Important update: At about 4:15 p.m. on Monday, March 10, the House HHS committee informed the public that HF2678 and HF2599 would be removed from tomorrow’s agenda (for now). It was implied that the Department of Human Services (run by the governor) told the chair that it would too hard to program the computers to undo these cuts. We are supposed to have 3 branches of government, right? Anyhow, stay tuned.
Two of our bills will be heard on Tuesday, March 11. Please come and show support!

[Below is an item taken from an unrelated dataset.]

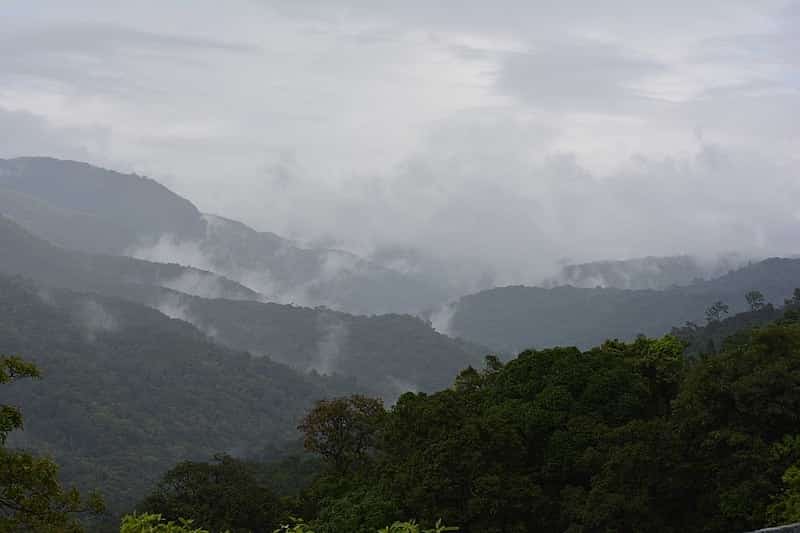 Western Ghats at Sakleshpur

On Tuesday, March 11, 2014, 10:00 a.m., in 200-SOB, the House Health and Human Services Finance Committee will take testimony on two bills to benefit poor families: HF2678 and HF2599. These bills both move up the implementation dates of victories from last year. They put money in the pockets of poor families in the form of small increases to the cash MFIP grants. These small increases would be the first since 1986 – 28 years ago.
HF2678 deals with the repeal of the so-called “family cap.” This law was repealed last year, but unfortunately with an implementation date of January 1, 2015. The family cap, passed under the Pawlenty administration, made it so the families’ cash welfare grant did not go up when a baby was born into the family. The cash grant goes up very little with the addition of a child (a family of 3 gets $532 in cash; a family of 4 gets $619, an extra $87). When it passed into law, it did so by catering to nasty myths and stereotypes about families on MFIP. We feel that this law serves to punish babies for being born, and it’s repeal is long, long overdue.
HF2599 moves up the implementation date last year’s housing allowance victory from October 2015, to July of this year. We were very disappointed last year when, after 27 years without an increase to the welfare grants, that were told to wait until October 2015. 27 years was too long to wait, and 29 years is unacceptable. While the housing allowance will only affect about two-thirds of the families on MFIP, it will go some way to decreasing families’ suffering.
Welfare (MFIP) cash grants for the poorest families have not been increased since 1986 – 28 years ago. The cost of living has doubled since 1986. The monthly cash grant for a family of two is $437 per month – not enough to pay rent for legal housing in most towns (much less other needs). Because the current welfare grant levels, 70,000 MN children live in Extreme Poverty – over 60% below the poverty level. This extreme poverty has a devastating effect on children, who are the majority of MFIP recipients.
We applaud Reps. Fritz, Loeffler, Liebling and others for sponsoring these bills this year. After seeing the Governor’s budget proposal, we think it is critical that legislators of conscience stand firm and help the poorest of the poor this year.